Poco rato después, veo acercarse a una chica rubia con el pelo largo y liso, más o menos de mi edad. Tiene el flequillo inclinado hacia su lado derecho, dejando ver parte de su frente. Es un poco más baja que yo y tiene un cuerpo definido. Viste una camiseta rosa con la palabra “believe” en medio de ella, unos pantalones vaqueros ajustados de color blanco y unas botas marrones.

Chica: ¡Hooolaaa! ¿Tú habitación es la número tres?

“¿Puede ser que…?”

Dani: Ah, sí, es la mía. ¿Pasa algo?

Chica: ¡Vaaaya, qué fácil ha sido! ¡Tú eres mi compañero para esta prueba! En mi mensaje ponía que tenía que encontrar al propietario o propietaria de la habitación número tres, ¡y según dices eres tú! Además, estás al lado de la puerta de la habitación.

“¿Dice la verdad?… ¿No está fingiendo?… No, no tiene pinta.”

Dani: Hm, te estaba esperando. ¿Cómo te llamas?

Chica: Bueno…, antes de pedirle a alguien que se presente, te tienes que presentar tú primero, ¿no es así? ¡Je, je, je!

“¡Esta chica…! Je, a pesar de su apariencia de chica buena, es lista…”

Dani: Ja, ja, ja, veo que eres lista… Qué interesante. Bien, me llamo Dani.

Chica: ¡Encantaaadaaa, Daaaniii! ¡Yo me llamo Lucy! ¡Tengo dieciséis años, mi cumpleaños es el 3 de marzo!

Dani: Eso sí que es dar información de golpe. Encantado, Lucy.

Lucy: ¡Sííí! ¡Bueno, ¿y cuál es nuestra prueba?!

Dani: Niii idea. Por ahora teníamos que reunirnos con nuestra pareja, pero en teoría la prueba ya ha empezado. Agh, me estoy cansando ya de esta broma… Ah, oye, ¿y cuál es el número de tu habitación?

En cuanto le pregunto eso, me fijo en que la chica desvía su mirada hacia un lado.

Lucy: Pues… la número treinta.

“Ha parecido que…”

Dani: Hm, ya veo. Bien, por ahora, ¿qué tal si vamos a la puerta de la derecha para ver si hay algo más? Es la que escogimos.
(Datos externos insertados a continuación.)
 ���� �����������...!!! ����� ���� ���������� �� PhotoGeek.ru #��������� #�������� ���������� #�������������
Lucy: ¡Ah, sí! ¡Eso ponía en el mensaje, el grupo dos! ¡Vamos, Dani!

Dani: Je, je, sí.

Lucy: Ah, y… a decir verdad estaba un poco nerviosa por ver cómo era mi pareja, estaba insegura sobre si le caería bien o no…, ¡pero parece que de momento va todo bien! ¡Me alegro de que tú seas mi compañero, Dani! ¡Pareces buena persona!

“Ngh…”

Dani: Ja, ja, ja… ¡Gracias por el cumplido, Lucy! ¡Tú también pareces simpática!

Lucy: -sonríe-

“Sí, es simpática, pero también lista. ¿Debería tener cuidado con ella?… Parece que ha dudado en decirme el número de su habitación. ¿O tal vez solo haya sido imaginación mía?… ¿Y qué pasa con el vídeo que nos acaban de enseñar? ¿No está asustada? ¿Pensará que no va en serio?… Parece alegre y tranquila, demasiado… Aunque, bueno, yo también.”
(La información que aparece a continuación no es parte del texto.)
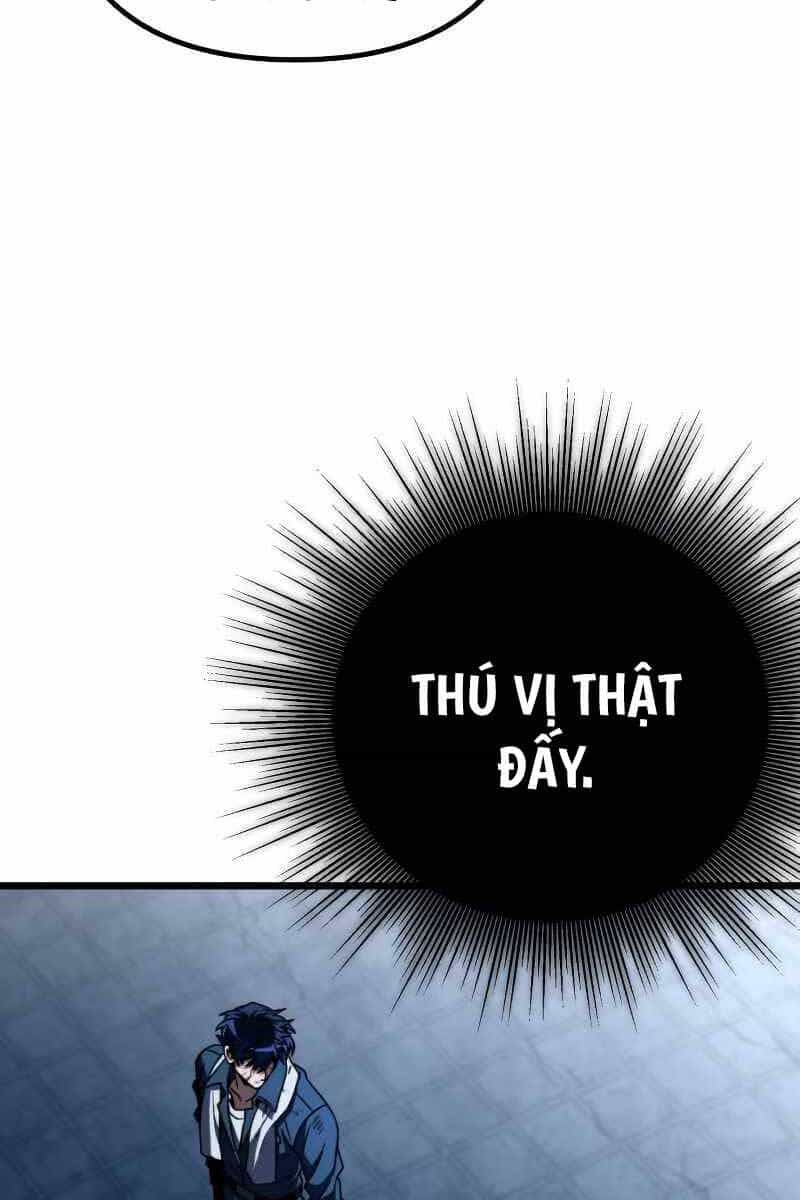 Sát Thủ Thiên Tài Đơn Độc - Chương 2 - ảnh 179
Luego de caminar poco rato sin hablar mucho por el camino, llegamos a la puerta de la derecha y nos damos cuenta de que ahora ya se puede abrir. Al pasar por ella, nos encontramos con una sala mediana y circular en la que hay gradas en la parte de arriba con asientos. Al fondo del todo, hay una puerta también circular parecida a la de la entrada.

Dani: Esta sala…

Lucy: Vaya, no es muy grande, ¿cabrán todos aquí?…

Dani: Hm… ¿Qué tenemos que hacer? Solo hay una puerta…

Lucy: ¡Habrá que acercarse entonces!

Adelantándose, Lucy va hacia la puerta y comienza a observarla.

Lucy: Vamos a veeer… Hm, dos cerraduras…

Dani: ¿Dos cerraduras? ¿Se necesitan dos llaves… para abrirla?

Lucy: Sip, eso parece. Y tú tienes una llave y yo otra…

Dani: Tal vez esto sea para comprobar las parejas…

Lucy: ¡Sí, podría ser! ¡Bien pensado, Dani! Entonces, solo tenemos que introducir las llaves…, ¿pero en qué orden? ¿La tuya ahí o la mía aquí?

Dani: Como sea, vamos a probar.

Lucy: ¡Vale!

Sin dudar más introducimos las llaves y, en otra pantalla como la de la anterior puerta, aparece la palabra “OK”.

“¿Se comprueban las parejas así?… ¿Introduciendo dos llaves?… Si hay dos llaves que van juntas, habría que… programarlas de alguna forma. Y hacer algo para que la puerta pueda reconocerlas. Todo esto para un experimento… No…”

Lucy: Hm…

Dani: Bien, parece que ha funcionado. Eso significa que tú eres mi pareja. Pero no se ha abierto la puerta…

Lucy: Antes tampoco. Pero fíjate más, ahí arriba… Hay una tercera cerradura.

Dani: ¿Otra cerradura?… ¡Ah!, es verdad, no me había fijado, es pequeña… Vaya, bien visto, Lucy.

Lucy: ¡Je, je! ¡Soy muy observadora! ¡Te sorprenderías de lo que me fijo en las cosas!

Dani: ¿Ah, sí? Va, sorpréndeme.

Lucy: Tu bragueta.

Dani: Ahm... Es mentira…

Lucy: ¡Nop! -sonríe-

Nervioso, dirijo mi mirada lentamente hacia mi pantalón para comprobar lo que dice.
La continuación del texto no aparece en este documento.